NASA has gained US government funding approval for the International Space Station to continue operations through 2024. All partners involved in the station must back the extension for it to take effect.
US space agency NASA said on Wednesday that it gained approval from US President Barack Obama's administration to extend funding for the International Space Station (ISS) from 2020 to 2024.
"This is a tremendous announcement for us here in the space station world," said William Gerstenmaier, associate administrator for NASA's Human Exploration and Operations Mission Directorate.
Other than the US, Canada, Russia, Japan and the states that make up the European Space Agency participate in the space station.
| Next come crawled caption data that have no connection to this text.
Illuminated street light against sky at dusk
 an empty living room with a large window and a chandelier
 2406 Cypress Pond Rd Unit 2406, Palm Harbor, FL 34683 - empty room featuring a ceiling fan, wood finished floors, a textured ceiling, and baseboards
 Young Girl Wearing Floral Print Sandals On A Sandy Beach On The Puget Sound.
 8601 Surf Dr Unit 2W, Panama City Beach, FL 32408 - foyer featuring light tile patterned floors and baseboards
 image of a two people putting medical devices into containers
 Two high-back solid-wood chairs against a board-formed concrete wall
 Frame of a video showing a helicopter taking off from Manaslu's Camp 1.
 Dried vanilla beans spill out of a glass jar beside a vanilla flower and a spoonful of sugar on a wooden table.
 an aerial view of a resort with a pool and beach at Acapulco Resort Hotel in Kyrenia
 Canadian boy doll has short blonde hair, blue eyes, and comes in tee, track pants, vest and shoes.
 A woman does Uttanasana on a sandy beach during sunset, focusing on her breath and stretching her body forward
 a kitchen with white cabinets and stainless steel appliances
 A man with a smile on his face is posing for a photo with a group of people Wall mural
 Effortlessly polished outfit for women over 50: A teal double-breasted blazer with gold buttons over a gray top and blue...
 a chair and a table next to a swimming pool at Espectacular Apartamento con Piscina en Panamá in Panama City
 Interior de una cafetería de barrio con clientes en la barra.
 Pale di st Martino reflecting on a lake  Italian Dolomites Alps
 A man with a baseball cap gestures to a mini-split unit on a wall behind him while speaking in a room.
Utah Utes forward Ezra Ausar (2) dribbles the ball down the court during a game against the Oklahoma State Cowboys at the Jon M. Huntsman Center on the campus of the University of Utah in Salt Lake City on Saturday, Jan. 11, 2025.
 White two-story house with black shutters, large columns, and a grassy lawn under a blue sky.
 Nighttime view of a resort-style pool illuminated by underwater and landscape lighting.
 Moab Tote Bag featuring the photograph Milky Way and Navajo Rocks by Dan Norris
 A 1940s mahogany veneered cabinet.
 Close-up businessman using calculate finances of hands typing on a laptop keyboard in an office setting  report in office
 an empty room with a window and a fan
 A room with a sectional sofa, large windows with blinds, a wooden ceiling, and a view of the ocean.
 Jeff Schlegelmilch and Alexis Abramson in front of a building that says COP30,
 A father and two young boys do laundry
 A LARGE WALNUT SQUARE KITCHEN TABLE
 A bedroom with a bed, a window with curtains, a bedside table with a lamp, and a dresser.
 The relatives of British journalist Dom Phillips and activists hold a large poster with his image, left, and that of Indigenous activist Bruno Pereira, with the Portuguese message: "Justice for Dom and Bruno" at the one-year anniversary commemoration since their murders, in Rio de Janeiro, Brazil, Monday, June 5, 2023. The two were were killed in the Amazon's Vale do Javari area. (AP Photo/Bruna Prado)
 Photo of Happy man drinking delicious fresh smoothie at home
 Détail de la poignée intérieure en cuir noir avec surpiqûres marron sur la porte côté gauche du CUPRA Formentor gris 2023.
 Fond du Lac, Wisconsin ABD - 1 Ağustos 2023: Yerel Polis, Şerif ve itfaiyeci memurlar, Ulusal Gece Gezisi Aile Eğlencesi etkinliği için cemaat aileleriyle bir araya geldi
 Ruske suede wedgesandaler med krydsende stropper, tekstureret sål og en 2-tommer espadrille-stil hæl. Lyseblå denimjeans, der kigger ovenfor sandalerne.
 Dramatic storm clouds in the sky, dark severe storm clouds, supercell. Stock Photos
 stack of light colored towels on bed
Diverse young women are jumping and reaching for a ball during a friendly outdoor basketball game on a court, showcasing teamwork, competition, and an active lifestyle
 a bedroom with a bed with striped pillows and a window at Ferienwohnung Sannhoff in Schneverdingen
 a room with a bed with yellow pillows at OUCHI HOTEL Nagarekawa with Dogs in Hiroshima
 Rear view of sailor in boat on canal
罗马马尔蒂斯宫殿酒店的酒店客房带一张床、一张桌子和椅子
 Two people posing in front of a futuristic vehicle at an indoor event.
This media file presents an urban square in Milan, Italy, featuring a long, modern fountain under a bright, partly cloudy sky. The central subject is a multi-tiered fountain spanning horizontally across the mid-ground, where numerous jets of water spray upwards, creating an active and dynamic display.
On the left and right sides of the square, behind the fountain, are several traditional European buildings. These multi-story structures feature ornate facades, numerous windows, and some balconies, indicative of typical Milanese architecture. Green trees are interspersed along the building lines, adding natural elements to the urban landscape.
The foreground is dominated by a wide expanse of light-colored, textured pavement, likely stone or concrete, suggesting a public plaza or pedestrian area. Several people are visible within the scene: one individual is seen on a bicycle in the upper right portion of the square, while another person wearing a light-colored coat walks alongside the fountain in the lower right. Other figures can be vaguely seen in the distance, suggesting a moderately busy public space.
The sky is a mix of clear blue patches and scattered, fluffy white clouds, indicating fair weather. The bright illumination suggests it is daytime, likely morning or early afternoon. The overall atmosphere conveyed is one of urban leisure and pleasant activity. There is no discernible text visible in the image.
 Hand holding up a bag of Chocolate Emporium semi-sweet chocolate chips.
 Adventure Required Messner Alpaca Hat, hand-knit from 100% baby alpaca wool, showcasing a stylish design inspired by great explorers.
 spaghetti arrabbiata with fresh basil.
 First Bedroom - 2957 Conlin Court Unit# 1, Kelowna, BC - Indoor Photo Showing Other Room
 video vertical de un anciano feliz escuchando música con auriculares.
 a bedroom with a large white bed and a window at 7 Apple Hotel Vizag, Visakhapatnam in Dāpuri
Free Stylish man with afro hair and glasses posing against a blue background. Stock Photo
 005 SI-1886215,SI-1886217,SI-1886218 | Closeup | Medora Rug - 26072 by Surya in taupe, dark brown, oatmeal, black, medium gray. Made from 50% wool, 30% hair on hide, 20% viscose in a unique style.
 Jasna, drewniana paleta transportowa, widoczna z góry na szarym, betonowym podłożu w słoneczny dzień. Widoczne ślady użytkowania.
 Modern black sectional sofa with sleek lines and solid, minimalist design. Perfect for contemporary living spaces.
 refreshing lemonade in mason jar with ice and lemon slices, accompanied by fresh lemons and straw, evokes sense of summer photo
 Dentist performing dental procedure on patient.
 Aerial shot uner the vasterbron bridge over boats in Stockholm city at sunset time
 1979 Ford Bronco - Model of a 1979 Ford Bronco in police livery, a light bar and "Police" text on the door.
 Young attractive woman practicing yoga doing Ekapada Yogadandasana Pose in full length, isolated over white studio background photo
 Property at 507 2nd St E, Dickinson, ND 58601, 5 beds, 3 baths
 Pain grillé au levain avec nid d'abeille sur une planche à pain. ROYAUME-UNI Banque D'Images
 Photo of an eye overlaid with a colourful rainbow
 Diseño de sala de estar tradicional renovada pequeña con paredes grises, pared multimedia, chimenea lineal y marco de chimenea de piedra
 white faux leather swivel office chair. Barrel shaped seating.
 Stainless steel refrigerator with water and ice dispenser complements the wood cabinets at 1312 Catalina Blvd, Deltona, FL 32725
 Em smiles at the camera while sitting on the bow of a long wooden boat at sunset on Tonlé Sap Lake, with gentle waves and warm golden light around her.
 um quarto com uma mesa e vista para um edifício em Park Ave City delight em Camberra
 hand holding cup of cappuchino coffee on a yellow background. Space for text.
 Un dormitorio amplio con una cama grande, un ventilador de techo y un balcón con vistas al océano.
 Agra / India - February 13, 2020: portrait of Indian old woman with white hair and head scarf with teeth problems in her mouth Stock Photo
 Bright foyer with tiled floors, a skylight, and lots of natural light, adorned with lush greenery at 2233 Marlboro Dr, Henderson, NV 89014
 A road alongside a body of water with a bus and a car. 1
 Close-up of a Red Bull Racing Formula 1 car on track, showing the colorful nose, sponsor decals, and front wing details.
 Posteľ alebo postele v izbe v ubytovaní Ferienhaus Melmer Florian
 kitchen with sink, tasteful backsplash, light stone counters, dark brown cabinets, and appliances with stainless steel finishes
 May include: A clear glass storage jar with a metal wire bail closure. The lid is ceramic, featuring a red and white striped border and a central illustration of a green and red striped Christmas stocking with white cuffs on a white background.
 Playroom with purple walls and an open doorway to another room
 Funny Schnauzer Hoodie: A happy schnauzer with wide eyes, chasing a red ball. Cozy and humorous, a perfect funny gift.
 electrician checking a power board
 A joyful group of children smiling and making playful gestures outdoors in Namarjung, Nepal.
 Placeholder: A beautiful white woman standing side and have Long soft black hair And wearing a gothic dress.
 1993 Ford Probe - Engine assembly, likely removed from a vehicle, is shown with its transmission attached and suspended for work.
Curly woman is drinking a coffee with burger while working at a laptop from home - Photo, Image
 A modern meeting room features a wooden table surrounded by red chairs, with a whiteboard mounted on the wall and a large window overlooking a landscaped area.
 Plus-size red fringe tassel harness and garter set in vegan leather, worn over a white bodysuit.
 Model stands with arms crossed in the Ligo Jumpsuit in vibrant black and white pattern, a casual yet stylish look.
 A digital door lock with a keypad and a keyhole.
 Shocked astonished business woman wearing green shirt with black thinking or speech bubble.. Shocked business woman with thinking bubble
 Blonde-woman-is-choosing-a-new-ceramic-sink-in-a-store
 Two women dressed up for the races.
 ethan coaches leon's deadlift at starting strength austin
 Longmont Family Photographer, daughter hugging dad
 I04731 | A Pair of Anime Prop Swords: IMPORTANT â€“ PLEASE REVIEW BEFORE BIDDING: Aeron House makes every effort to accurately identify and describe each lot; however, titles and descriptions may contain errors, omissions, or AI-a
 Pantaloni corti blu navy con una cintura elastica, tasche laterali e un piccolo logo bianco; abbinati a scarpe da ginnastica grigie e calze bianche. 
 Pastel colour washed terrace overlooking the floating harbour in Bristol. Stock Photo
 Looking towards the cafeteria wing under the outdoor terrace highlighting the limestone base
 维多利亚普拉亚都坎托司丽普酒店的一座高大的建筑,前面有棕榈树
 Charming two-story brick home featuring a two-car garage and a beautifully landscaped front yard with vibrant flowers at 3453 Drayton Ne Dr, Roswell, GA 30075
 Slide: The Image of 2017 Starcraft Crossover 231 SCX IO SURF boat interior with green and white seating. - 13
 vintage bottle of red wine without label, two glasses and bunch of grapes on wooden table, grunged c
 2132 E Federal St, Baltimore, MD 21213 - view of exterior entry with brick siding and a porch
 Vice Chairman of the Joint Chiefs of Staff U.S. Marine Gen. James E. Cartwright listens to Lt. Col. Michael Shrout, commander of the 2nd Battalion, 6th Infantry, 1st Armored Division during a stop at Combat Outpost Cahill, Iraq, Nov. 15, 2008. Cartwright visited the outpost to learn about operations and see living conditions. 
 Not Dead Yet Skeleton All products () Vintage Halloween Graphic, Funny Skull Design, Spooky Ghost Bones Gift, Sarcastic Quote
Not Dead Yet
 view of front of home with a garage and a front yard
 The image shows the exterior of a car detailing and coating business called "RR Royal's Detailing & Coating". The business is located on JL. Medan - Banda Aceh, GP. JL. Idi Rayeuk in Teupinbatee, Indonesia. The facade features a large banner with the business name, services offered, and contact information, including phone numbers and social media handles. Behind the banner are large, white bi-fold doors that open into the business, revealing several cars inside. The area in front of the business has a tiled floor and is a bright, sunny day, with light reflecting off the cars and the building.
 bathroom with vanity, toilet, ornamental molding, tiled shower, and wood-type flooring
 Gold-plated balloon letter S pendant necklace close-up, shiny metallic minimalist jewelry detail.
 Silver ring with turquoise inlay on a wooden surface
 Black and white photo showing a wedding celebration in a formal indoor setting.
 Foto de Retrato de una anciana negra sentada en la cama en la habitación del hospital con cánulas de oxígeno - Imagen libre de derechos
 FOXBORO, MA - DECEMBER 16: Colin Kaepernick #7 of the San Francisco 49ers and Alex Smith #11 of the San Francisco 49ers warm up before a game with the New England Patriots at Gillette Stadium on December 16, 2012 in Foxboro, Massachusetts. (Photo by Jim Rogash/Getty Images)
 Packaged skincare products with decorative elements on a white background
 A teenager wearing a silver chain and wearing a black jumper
These partners must support the extension for it to be implemented, however Gerstenmaier said he expected them to see the benefit of long-term involvement.
The $100-billion (73.7-billion-euro) outpost is the largest space lab ever built, spanning the length of a football field (357 feet, 109 meters).
Operational for the past 15 years, the ISS is maintained by a rotating crew of six astronauts and cosmonauts.
The crew gain access to the station by launching three at a time aboard Russian Soyuz spacecraft.
Following the retirement of NASA's 30-year space shuttle program in 2011, the US now uses two private companies - Orbital Sciences and SpaceX - to send supplies to the ISS.
The structure requires regular maintenance, which is done by astronauts who, wearing spacesuits, venture outside the lab. The last such repair was made on Christmas Eve to replace a failed ammonia pump.